## DATA
== Segment start ==

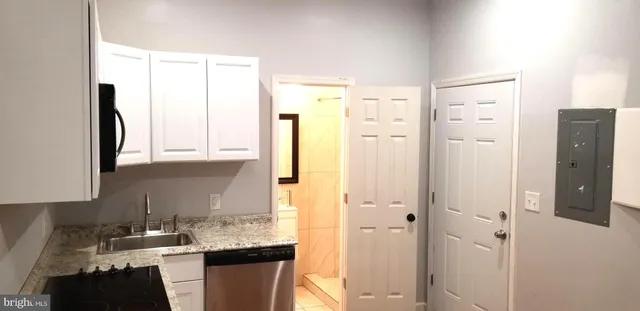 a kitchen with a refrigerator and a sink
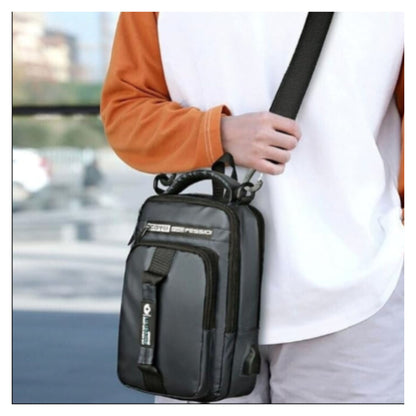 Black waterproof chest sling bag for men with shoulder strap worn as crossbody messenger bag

== Segment end ==
== Segment start ==

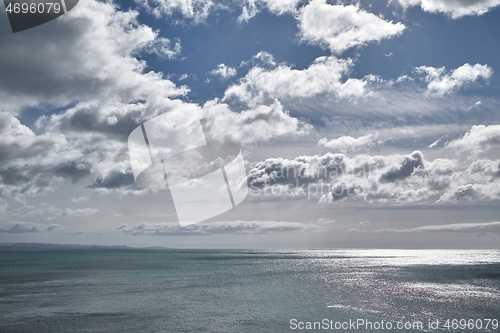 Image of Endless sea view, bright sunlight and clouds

== Segment end ==

## EXERCISE AIM
Transcribe the lines above exactly, beginning at the one with "a kitchen with a refrigerator and a sink" and ending at the one with "Black waterproof chest". Include both; exclude the pictures.

## RESPONSE
 a kitchen with a refrigerator and a sink
 Black waterproof chest sling bag for men with shoulder strap worn as crossbody messenger bag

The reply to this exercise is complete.